This Month in the DuckDB Ecosystem: December 2025

2025/12/10 - 8 min read

Hey, friend 👋

I hope you're doing well. I'm Simon, and I am excited to share the last monthly newsletter 🎄 of the year with highlights and the latest updates about DuckDB, delivered straight to your inbox.

In this December issue, I gathered the usual highlights, including insights on key developments like data-at-rest encryption and new spatial extensions (Gaggle and osmextract), various ecosystem integrations (DuckLake, dlt, Ibis, Marimo), and data engineering advice based on Reddit.

If you have feedback, news, or any insights, they are always welcome. 👉🏻 duckdbnews@motherduck.com.

Featured Community Member

Nico Ritschel

Nico Ritschel is director of engineering at ATM.com and the creator of Sidequery, a privacy-first SQL analytics notebook for Mac that uses DuckDB as its core engine.
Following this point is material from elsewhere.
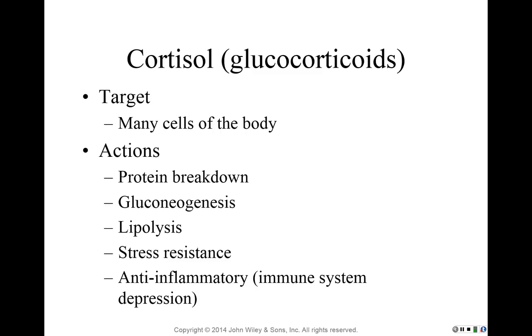Cortisol also promotes lipolysis. If lipids are going to be used to make new glucose, cortisol promotes the breakdown of lipids — particularly the release of triglycerides and fatty acids from adipose tissue — providing an additional energy source.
He recently released two community extensions that push DuckDB into new territory.

Yardstick implements Julian Hyde's "Measures in SQL" paper, adding measure-aware SQL to DuckDB. Measures are aggregations that know how to re-aggregate themselves when query context changes, enabling percent-of-total calculations and year-over-year comparisons without the usual CTE gymnastics. With syntax like AGGREGATE(revenue) AT (ALL region), you can compute totals across dimensions directly in your query.

duckdb-acp brings natural language querying to DuckDB via the Agent Client Protocol. Write queries like CLAUDE what is the total revenue by product? and an AI agent explores your schema and generates the SQL. It supports Claude Code, Codex, and Gemini, with built-in safety controls to block mutations by default.
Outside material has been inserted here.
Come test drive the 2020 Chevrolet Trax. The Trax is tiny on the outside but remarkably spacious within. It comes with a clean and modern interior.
Thanks, Nico, for tackling two hard problems and making them accessible through DuckDB extensions!

Top DuckDB Links this Month

Gaggle: A DuckDB extension for working with Kaggle datasets

TL;DR: Gaggle is a Rust-based DuckDB extension that enables direct SQL queries on Kaggle datasets via the Kaggle API, eliminating manual download/extraction workflows.

Ever had to search for a good dataset? Heard of Kaggle.com? Gaggle uses the Kaggle API to search, download, and manage datasets, supporting CSV, Parquet, JSON, and XLSX files. The extension introduces a kaggle: prefix for replacement scans, allowing queries like SELECT * FROM 'kaggle:vikrishnan/boston-house-prices/housing.csv' LIMIT 5 to read files directly without explicit path management, similar to the Hugging Face extension.

Setup requires Kaggle API credentials (export KAGGLE_USERNAME and KAGGLE_KEY). Key functions include gaggle_ls('owner/dataset') for listing dataset contents, gaggle_download() for explicit caching, and gaggle_file_path() for resolving local paths.

Book on Spatial Data Management with DuckDB

TL;DR: Qiusheng has authored a new comprehensive book, Spatial Data Management with DuckDB, that serves as a practical guide with open-source code for implementing geospatial analytics workflows using DuckDB's spatial capabilities.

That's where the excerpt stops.